ANTARA ILMU DAN IBADAH

 

MESJID

            Tidak terbantahkan lagi, mesjid merupakan sarana dan basis kekuatan umat Islam. Selama umat Islam menjadikan mesjid sebagai pusat harakah Islamiyyah, selama itu pula eksistensi kekuatannya akan berimbas terhadap seluruh aspek kehidupan. Ini dapat dilihat bagaimana orang yang hidupnya mengikatkan diri dengan aktifitas mesjid dibanding dengan orang yang kurang mengenal mesjid. Sebab bagaimanapun mesjid akan memberi nuansa dan lingkungan yang sarat dengan kesejukan dan kejernihan jiwa.

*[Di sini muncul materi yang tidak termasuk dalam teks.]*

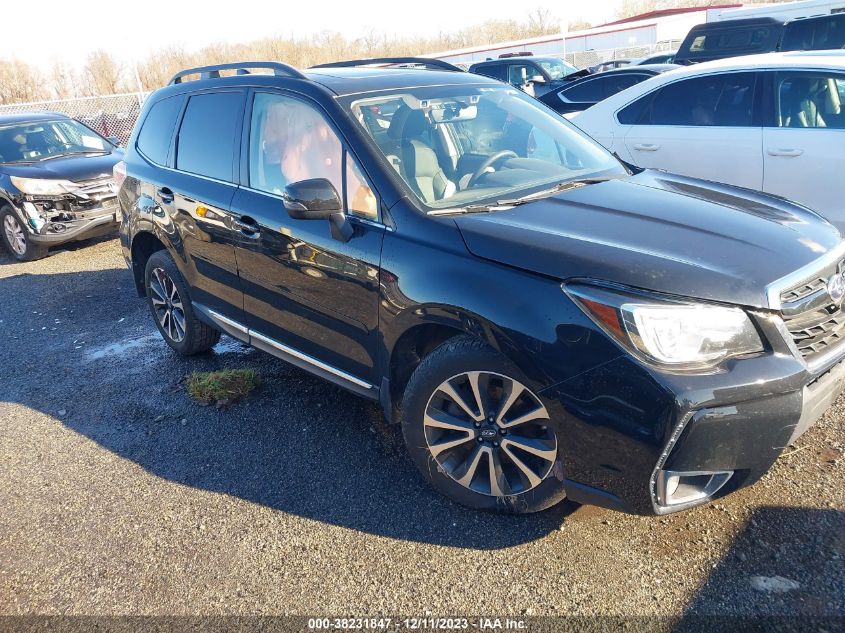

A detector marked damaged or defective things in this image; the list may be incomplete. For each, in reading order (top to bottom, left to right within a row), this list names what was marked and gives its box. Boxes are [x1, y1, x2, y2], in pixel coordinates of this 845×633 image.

damaged front bumper [14, 180, 118, 247] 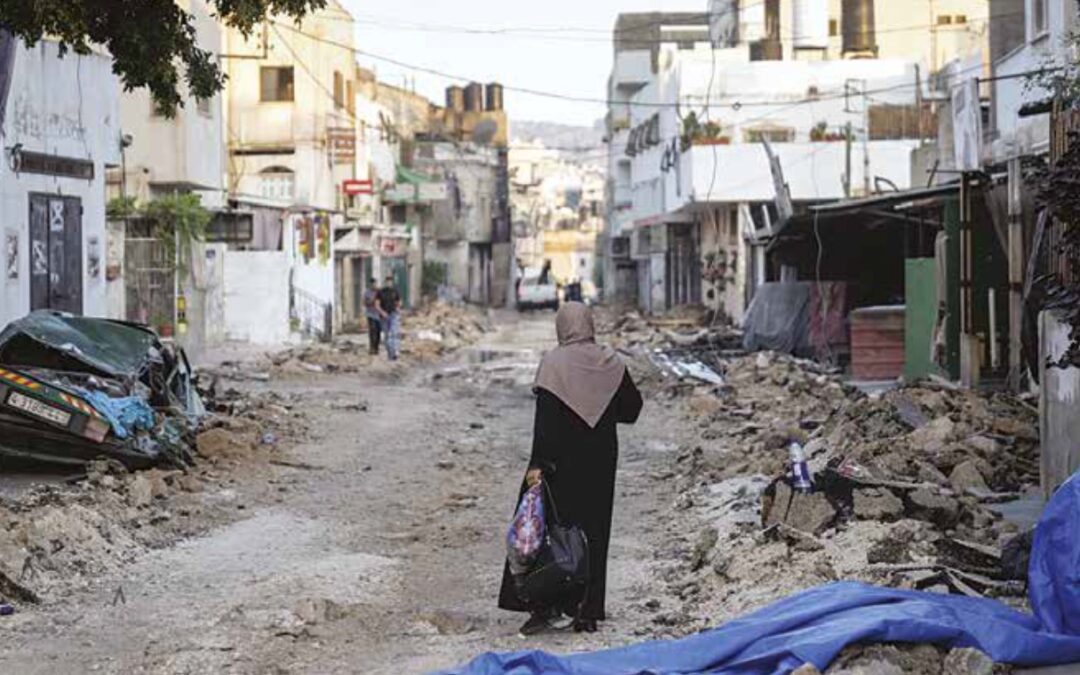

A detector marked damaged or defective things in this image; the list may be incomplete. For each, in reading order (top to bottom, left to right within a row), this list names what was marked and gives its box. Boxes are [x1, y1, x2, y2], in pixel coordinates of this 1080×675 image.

wrecked car [0, 311, 204, 466] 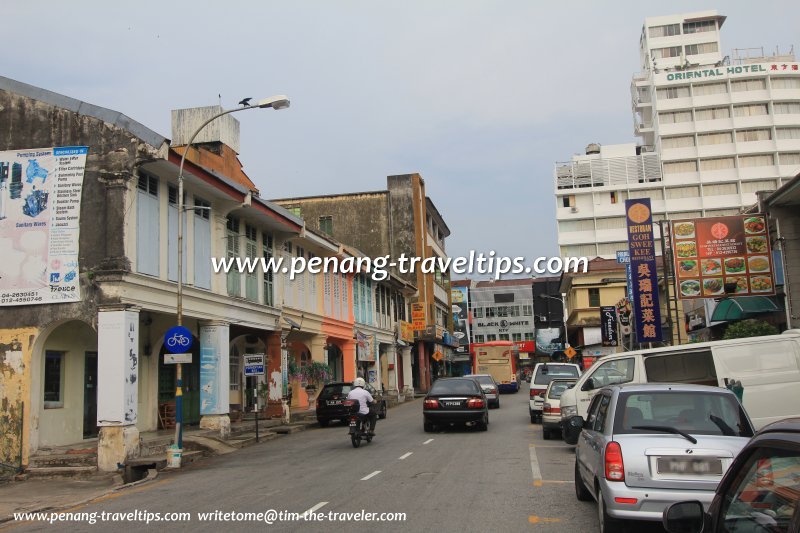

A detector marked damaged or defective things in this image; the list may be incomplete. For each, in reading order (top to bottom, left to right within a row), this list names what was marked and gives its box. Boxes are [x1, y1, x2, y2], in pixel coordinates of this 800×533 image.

peeling plaster wall [0, 326, 36, 468] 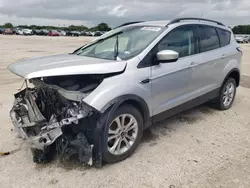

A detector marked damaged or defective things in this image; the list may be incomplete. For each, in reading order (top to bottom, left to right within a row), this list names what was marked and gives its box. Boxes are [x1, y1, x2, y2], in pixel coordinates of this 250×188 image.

dented hood [7, 53, 127, 78]
torn bumper cover [10, 86, 99, 165]
damaged front end [9, 75, 102, 165] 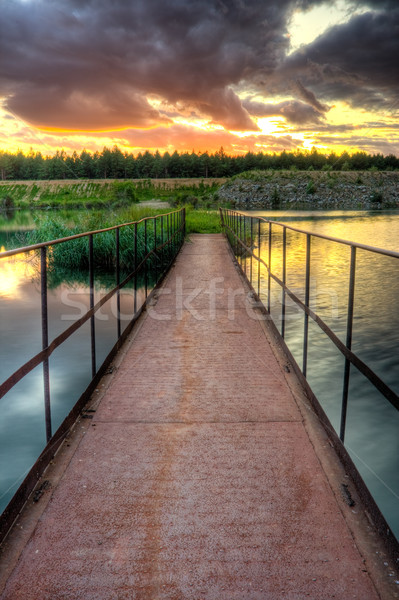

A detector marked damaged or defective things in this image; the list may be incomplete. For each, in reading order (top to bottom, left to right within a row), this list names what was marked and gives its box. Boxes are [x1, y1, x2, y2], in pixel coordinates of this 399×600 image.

rusty metal railing [0, 206, 186, 540]
rusty metal railing [220, 209, 398, 442] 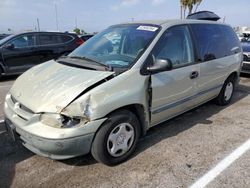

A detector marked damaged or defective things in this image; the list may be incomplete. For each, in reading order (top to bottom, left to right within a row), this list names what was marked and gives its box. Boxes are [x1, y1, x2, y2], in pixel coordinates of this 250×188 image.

damaged front bumper [3, 93, 106, 159] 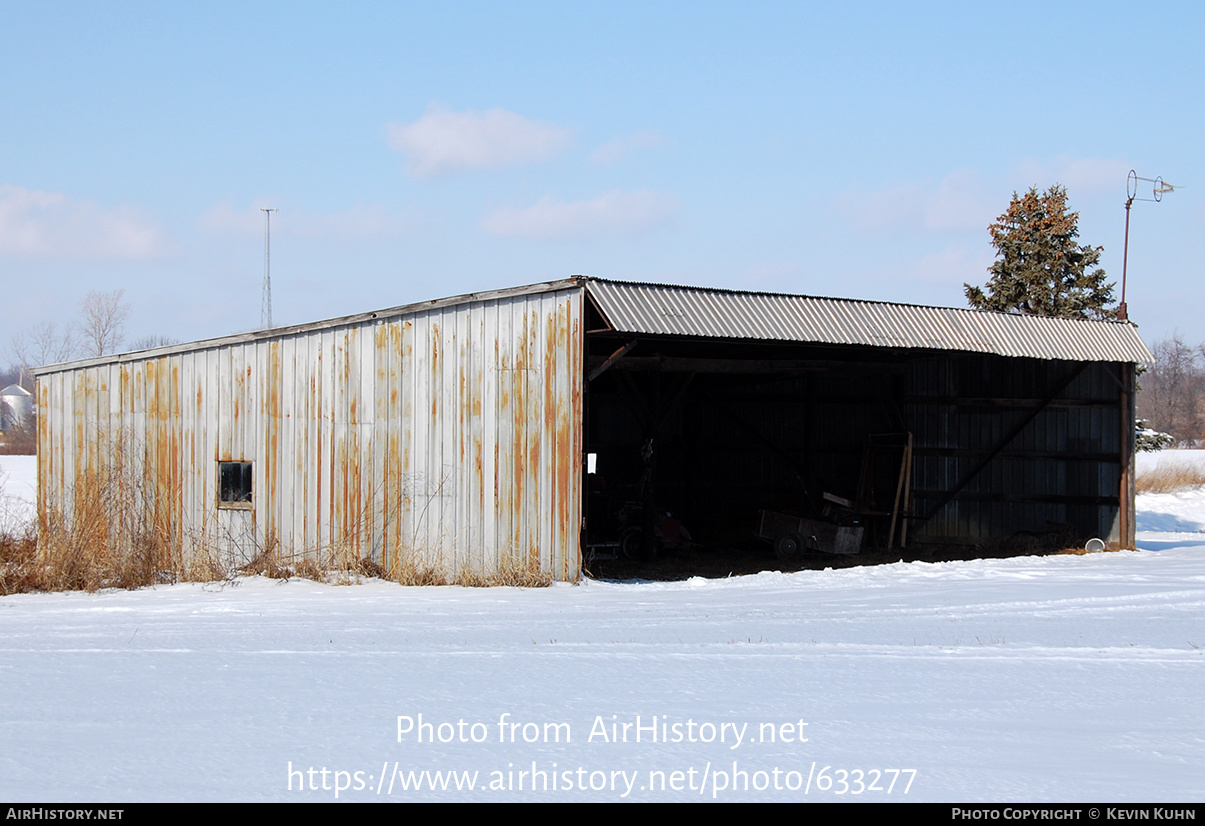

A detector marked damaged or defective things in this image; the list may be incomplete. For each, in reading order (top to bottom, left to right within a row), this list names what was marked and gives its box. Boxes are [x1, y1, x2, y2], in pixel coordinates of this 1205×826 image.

rusty metal siding [36, 283, 583, 578] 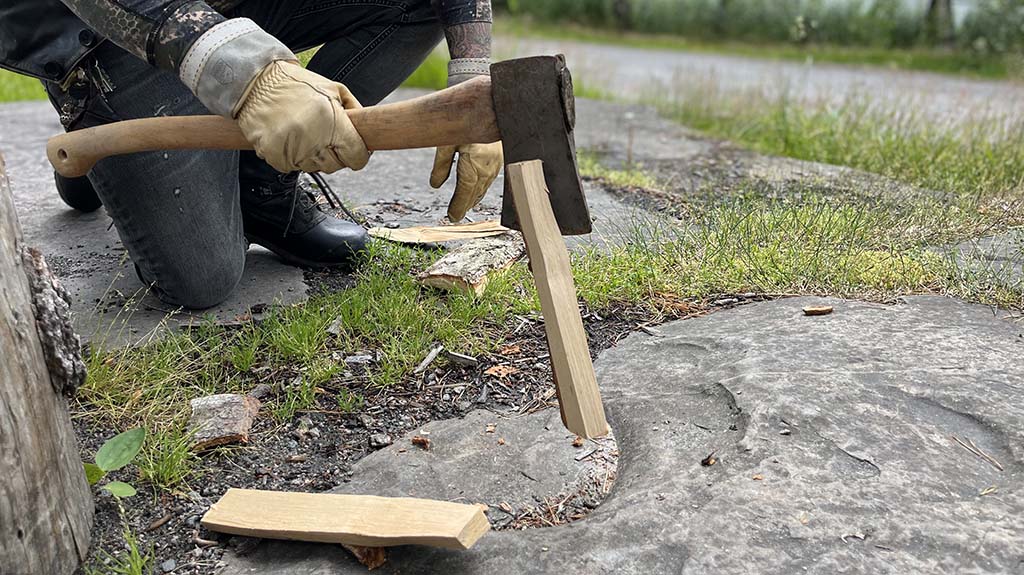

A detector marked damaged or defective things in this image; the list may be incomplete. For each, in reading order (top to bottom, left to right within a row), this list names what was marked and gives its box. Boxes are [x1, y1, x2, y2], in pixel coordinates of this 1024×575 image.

cracked concrete [220, 294, 1019, 572] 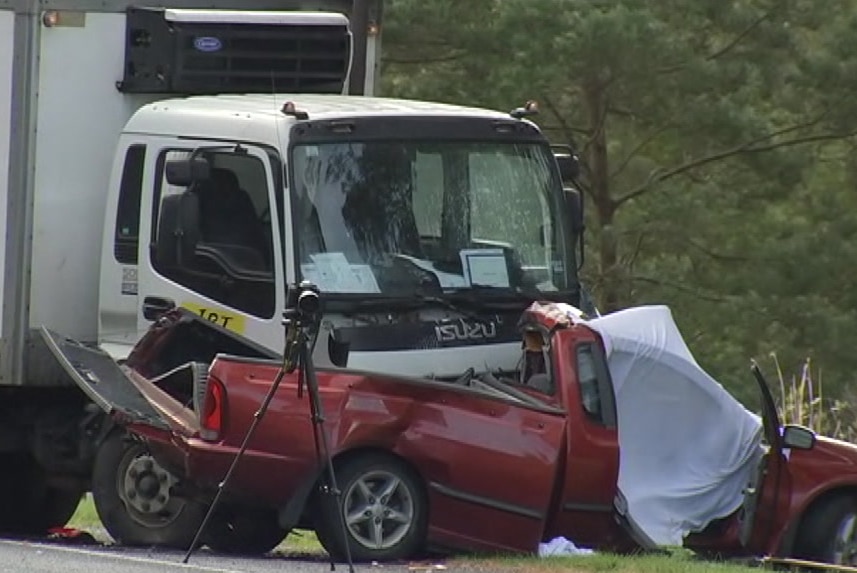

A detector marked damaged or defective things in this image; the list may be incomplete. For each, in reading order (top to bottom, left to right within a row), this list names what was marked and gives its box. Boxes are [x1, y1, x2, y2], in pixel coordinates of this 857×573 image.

shattered windshield [290, 140, 576, 298] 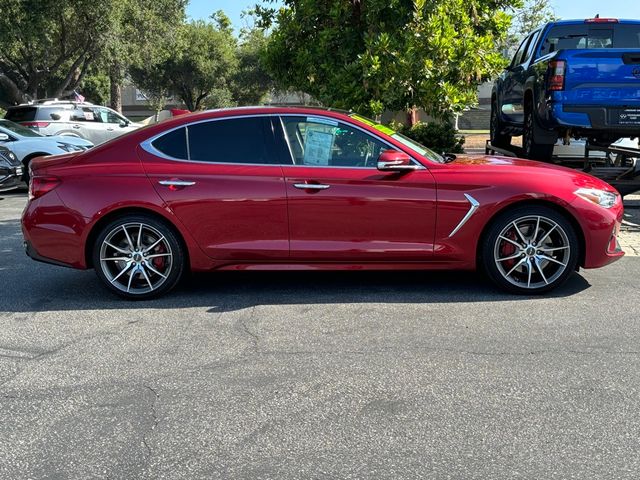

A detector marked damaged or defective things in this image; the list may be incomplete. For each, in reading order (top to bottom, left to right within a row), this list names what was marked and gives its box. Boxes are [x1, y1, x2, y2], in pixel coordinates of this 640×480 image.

cracked asphalt [1, 192, 640, 480] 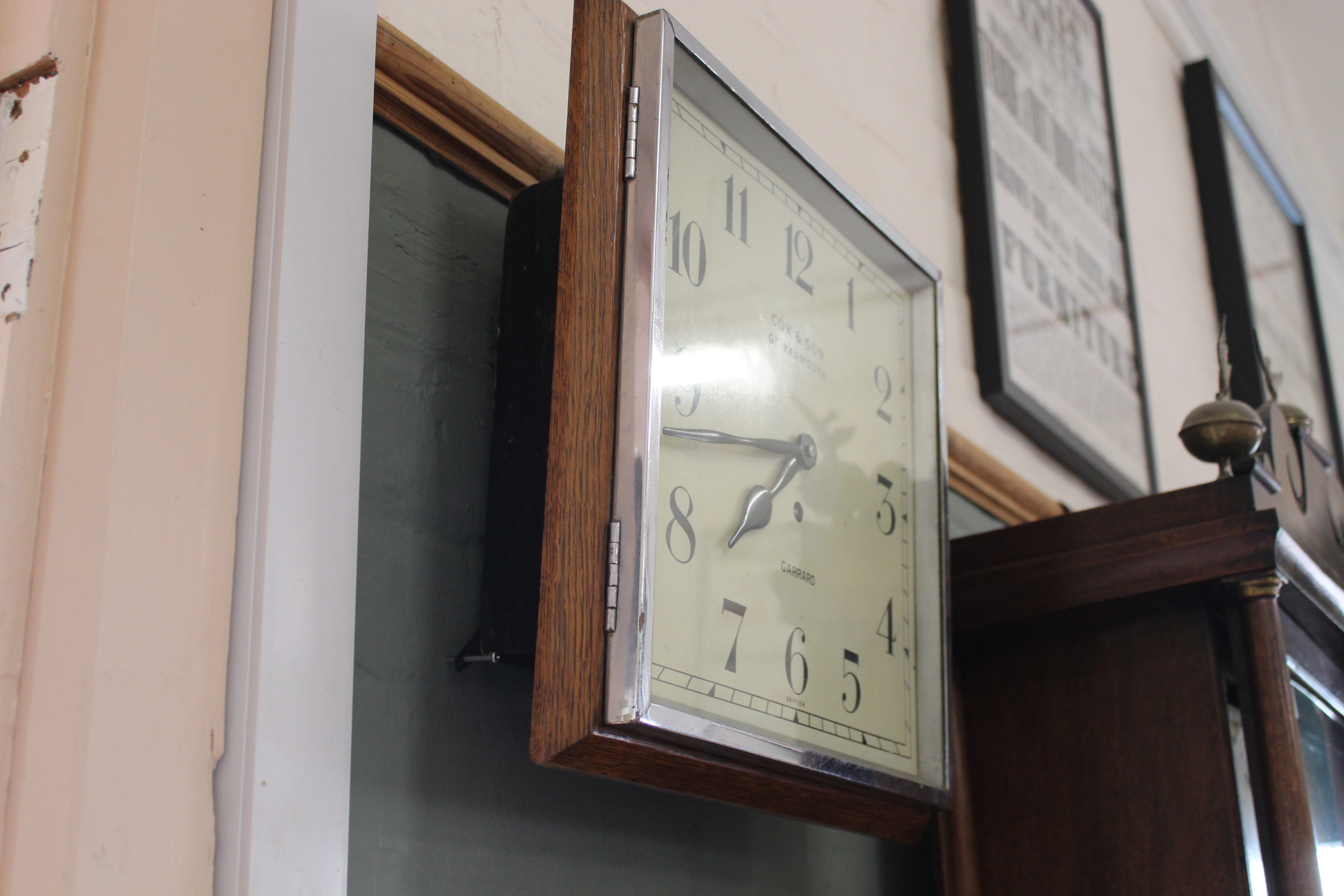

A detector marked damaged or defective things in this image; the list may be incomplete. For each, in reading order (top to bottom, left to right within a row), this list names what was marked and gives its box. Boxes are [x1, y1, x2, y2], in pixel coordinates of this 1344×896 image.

peeling paint [0, 72, 57, 321] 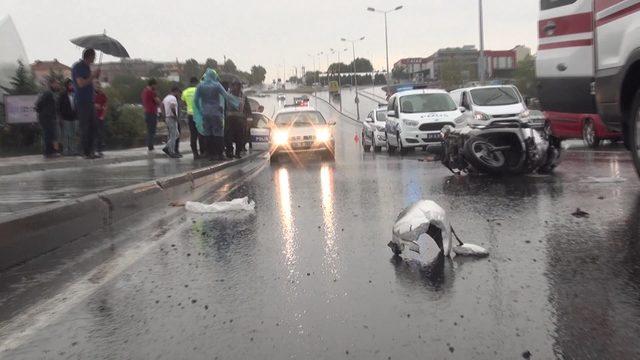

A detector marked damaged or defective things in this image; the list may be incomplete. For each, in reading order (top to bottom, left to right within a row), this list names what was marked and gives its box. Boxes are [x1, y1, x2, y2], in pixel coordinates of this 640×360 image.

damaged motorcycle [440, 111, 560, 176] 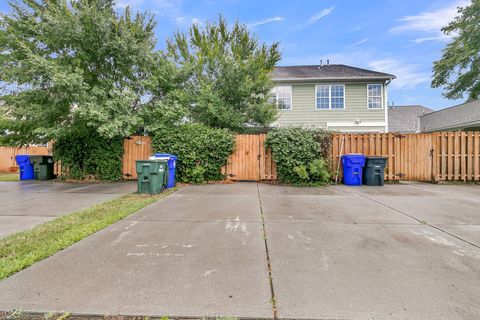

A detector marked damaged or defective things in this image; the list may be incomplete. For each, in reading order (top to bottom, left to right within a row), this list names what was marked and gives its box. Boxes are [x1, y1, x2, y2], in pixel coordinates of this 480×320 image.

            Selama ini fungsi dan peran mesjid sepertinya dibatasi oleh aktifitas ritual semata. Padahal jika kita telusuri peran Rasulullah Saw dan para sahabatnya dalam memfungsikan mesjid, ternyata masih jauh dengan realita sekarang ini. Pada masa itu masjid dijadikan sebagai pusat harakah—pusat pengakajian ilmiah—dan pusat kepentingan-kepentingan umat Islam lainnya.

            Disamping itu, dewasa ini kurangnya perhatian generasi umat Islam akan keberadaan mesjid merupakan fenomena yang tidak boleh dibenarkan. Bagaimana pun generasi—khususnya kaum remaja—adalah mata rantai yang akan mengisi perjalanan kehidupan ini. Jika kaum generasinya rusak, dapat dipastikan bagaimana gambaran ke depannya.

            Karenanya, para generasi hendaknya mendapat perhatian serius dan berbagai kalangan kaum muslimin, terutama peran ulama dan orang tua mereka agar memiliki lingkungan pendidikan Islam, dan mesjid adalah salah satu lingkungan yang paling efektif untuk itu.

 

EFEKTIFTAS MESJID BAGI REMAJA

            Sebagai satu-satunya tempat ibadah yang disyariatkan, mesjid memiliki beberapa fungsi dan hikmah bagi para remaja yang berkompeten dan berdedikasi terhadap Islam disamping tempat ruku’ dan sujud, mesjid dapat pula dimanfaatkan sebagai sarana yang paling efektif guna mengembangkan akhlak dan wacana ke-Islaman para remaja, yaitu memfungsikan mesjid seluas-luasnya sepanjang dalam garis yang dibenarkan.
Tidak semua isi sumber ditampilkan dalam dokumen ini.